Aim of the task: In the records below, some lines contain "Residential"; state the number of such lines and nothing else.

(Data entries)
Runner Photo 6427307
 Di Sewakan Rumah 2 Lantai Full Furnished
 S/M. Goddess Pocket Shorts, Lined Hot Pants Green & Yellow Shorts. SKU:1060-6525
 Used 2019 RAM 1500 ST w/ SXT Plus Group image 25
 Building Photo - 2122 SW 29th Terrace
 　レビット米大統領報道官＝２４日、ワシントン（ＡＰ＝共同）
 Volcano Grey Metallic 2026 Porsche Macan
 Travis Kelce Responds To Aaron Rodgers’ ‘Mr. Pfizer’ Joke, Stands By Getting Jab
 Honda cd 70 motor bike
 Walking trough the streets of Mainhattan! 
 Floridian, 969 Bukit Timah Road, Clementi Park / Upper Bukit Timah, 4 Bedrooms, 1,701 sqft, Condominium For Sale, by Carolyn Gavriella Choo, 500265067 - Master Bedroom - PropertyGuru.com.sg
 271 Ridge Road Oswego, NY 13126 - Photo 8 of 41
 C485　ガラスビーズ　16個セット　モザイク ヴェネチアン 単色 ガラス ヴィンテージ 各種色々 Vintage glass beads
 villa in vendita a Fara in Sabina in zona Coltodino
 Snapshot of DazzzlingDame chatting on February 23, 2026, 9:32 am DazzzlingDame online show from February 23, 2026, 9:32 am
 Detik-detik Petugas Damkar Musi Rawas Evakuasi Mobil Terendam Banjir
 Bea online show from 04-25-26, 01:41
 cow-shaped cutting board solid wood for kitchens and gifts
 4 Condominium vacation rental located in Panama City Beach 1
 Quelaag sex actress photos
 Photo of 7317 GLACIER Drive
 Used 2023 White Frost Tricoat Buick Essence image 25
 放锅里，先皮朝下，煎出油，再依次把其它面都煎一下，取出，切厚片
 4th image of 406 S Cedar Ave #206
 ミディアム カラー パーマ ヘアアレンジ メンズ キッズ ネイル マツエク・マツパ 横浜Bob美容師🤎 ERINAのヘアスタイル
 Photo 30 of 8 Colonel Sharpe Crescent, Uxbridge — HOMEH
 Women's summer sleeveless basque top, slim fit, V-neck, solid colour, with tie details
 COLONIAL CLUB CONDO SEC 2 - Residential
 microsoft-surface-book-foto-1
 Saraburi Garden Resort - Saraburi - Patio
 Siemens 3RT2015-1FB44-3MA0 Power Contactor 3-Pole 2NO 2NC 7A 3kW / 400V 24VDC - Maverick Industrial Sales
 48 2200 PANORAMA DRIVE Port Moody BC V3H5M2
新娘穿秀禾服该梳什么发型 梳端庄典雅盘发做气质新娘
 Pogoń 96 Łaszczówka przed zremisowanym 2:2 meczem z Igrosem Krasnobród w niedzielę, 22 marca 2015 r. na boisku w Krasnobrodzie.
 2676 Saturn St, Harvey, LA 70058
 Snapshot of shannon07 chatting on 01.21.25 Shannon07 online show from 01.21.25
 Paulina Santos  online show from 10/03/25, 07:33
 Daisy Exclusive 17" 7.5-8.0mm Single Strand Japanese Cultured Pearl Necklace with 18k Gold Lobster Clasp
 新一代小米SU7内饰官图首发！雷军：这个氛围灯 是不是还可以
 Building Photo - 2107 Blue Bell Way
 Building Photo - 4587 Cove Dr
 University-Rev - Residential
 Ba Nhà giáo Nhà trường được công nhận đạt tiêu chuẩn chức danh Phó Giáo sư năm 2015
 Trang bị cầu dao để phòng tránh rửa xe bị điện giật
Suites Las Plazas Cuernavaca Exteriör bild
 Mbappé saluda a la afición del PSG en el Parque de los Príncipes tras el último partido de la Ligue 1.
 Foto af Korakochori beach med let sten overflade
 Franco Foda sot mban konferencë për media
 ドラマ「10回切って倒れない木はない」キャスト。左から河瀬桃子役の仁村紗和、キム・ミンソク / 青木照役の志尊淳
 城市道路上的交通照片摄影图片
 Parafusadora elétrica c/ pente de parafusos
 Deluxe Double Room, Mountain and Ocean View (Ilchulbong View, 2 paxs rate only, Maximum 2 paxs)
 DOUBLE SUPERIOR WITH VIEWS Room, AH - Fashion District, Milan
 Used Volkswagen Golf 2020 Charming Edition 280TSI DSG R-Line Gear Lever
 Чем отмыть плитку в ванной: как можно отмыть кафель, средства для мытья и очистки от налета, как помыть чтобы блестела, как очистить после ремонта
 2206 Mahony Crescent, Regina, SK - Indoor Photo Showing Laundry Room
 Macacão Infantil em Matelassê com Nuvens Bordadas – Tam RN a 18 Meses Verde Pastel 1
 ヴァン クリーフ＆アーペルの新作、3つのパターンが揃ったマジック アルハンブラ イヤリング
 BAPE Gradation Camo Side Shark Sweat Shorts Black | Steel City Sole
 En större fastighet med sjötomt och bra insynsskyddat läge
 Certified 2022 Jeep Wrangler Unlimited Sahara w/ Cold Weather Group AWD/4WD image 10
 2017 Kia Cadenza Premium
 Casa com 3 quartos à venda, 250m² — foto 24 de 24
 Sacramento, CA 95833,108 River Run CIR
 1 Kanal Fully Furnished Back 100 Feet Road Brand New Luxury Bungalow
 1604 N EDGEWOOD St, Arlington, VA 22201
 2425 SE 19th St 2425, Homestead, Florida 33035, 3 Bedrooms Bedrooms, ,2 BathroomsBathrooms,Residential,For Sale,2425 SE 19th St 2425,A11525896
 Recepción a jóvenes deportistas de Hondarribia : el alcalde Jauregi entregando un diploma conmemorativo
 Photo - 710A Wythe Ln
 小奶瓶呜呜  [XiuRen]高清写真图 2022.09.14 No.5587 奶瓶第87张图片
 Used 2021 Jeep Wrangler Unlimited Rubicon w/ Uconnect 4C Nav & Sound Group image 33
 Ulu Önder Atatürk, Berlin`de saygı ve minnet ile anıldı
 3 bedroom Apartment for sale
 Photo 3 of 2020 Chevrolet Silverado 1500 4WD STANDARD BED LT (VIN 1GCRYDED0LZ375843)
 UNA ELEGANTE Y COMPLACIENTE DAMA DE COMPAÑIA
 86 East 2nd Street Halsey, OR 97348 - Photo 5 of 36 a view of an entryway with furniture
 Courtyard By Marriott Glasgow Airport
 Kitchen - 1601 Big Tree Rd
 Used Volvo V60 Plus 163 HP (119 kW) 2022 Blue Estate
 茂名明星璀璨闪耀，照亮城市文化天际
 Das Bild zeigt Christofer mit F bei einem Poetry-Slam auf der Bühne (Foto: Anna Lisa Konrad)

Worked solution: 3